I had wanted to ride a motorcycle for a long time. When I was young, my brother had a 500 cc Honda Shadow. During the summer months, every time I’d see him take off down our street on that bike I’d get a little jealous. I wanted a motorcycle so bad! Alas, the practical side of not being able to ride it in the winter kept my interest at bay.
Then one day, I finally bought myself a motorcycle. I feel that it was still a practical decision, as I went with a 250 cc, 1985 Honda Rebel. Yep, you’re right. A 250 cc motorcycle is just about the smallest bike on the market that’s still street-legal. At that moment I didn’t care. I finally had my motorcycle.
Since getting a motorcycle, there is one aspect of being a bike-owner that gets better with every ride: The motorcycle wave. I never would have guessed that by simply owning a motorcycle, I would be brought into this wonderful two-wheeled community.
For those of you who are not familiar with this greeting, it can be described as a small downward wave performed at the side of the motorcyclist’s body. Generally, it is executed with the rider’s clutch (or left) hand, with a swift, downward flick of the wrist while riders pass. In addition, many times the wave is completed with two fingers and thumb loosely extended.
There’s a pride in this shared-wave that seems to communicate, “Yeah, that’s right. We’re on motorcycles, which means we’re risk-takers.” This wave seems to recognize the few who have chosen to travel without shelter from the elements, nor protection from dangers of the open road.
All this being said, not every two-wheeler receives the same respect. From what I understand, scooter owners are not eligible for the same warm welcome. Though they experience the same elemental forces and road-danger risks, the riding community isn’t ready to embrace them.
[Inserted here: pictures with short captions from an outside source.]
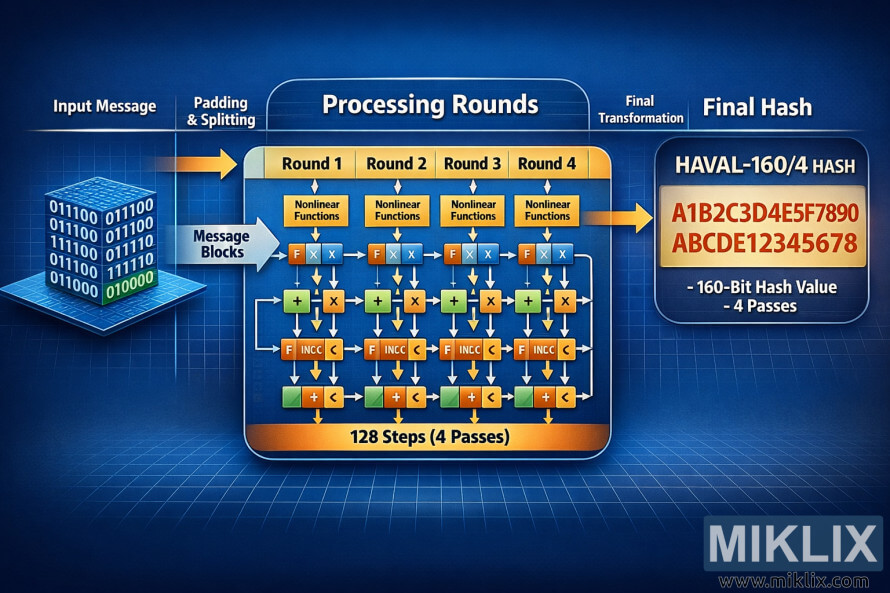 Landscape infographic of the HAVAL-160/4 hash algorithm showing input message padding and splitting, four processing passes, and a 160-bit final hash; labeled 128 steps (4 passes).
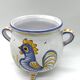 Covered earthenware pot with rustic decor – rooster motif – 20th century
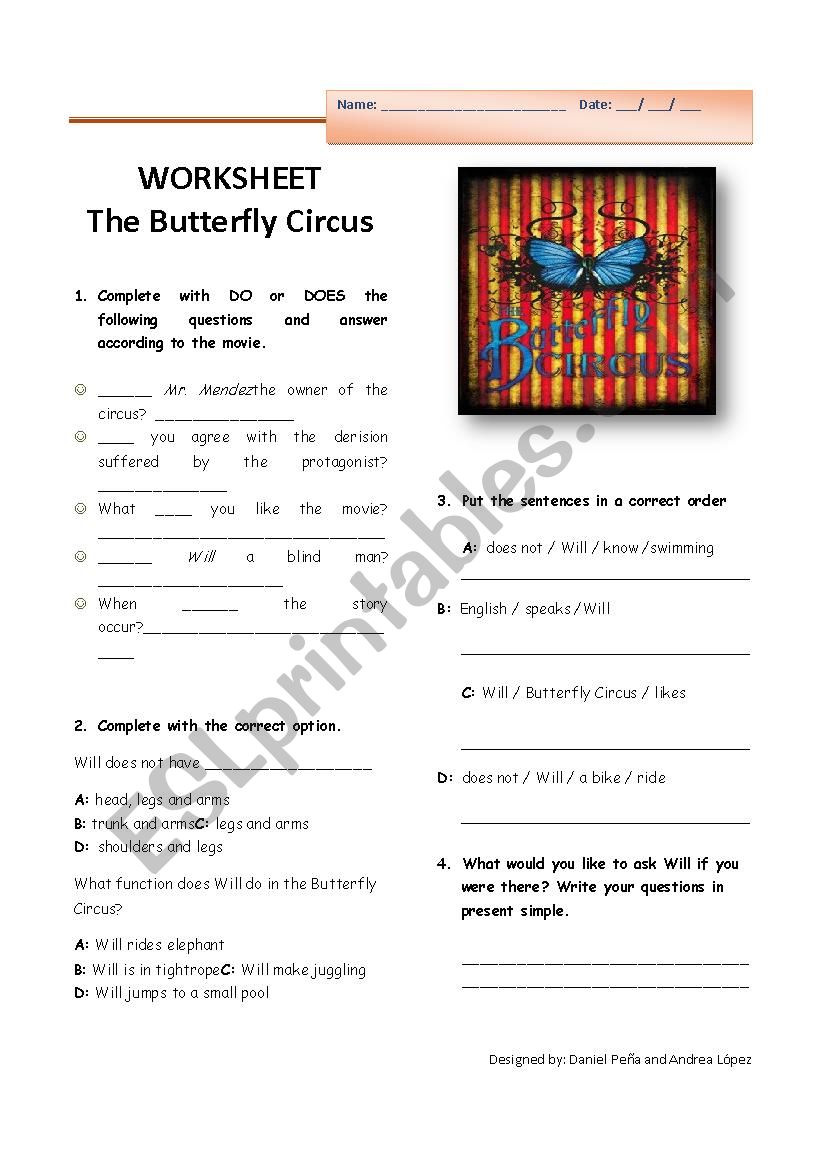 Butterfly Circus: Present Simple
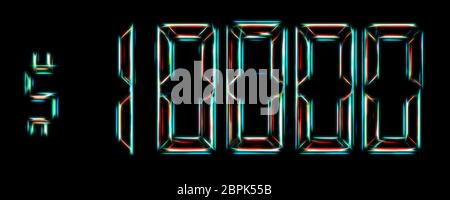 10000 € Neon futuristischen abstrakten Hintergrund Stockfoto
It’s almost like they’re that 2nd or 3rd cousin that no one is really able to place in the family tree. Everyone knows they’re related somehow, but no one’s ready to fully claim them. Perhaps, they create their own wave? I guess they could use their feet since they’re not encumbered by foot-braking or changing gears. The cool-factor would definitely be missing, but then again they are riding a scooter. What can they really expect?
On a more serious note, I’ve often considered the riding community (scooters included) as a comparison to the Body of Christ. We all understand that there are definite risks in accepting and embracing Jesus Christ, when so many struggle believing in Him. Much like the riding community, if we meet and it is made known that both parties are Believers, the community is established immediately.
Of course, there are always those motorcyclist that only ride during sunny Sunday afternoons. Much like Christianity, these Sunday-riders are in the community, but there are always looming questions about whether or not they really desire to be in the community. Perhaps, they just like the appearance of being on the inside but have no true desire to make this community part of their lifestyle.
Furthermore, some people are so committed that they’d be willing to take risks. Much like the motorcyclist who is willing to ride in rain or shine, committed Christians will stay steadfast to the community through good times and bad. It reminds me of James 1:2-3, “Consider it pure joy, my brothers and sisters, whenever you face trials of many kinds, because you know that the testing of your faith produces perseverance.“
Our challenge is to reflect on our current participation in the Body of Christ. Have we been taking risks and serving faithfully, whether rain or shine? Or, have we been playing it safe and riding the sunny Sunday pew?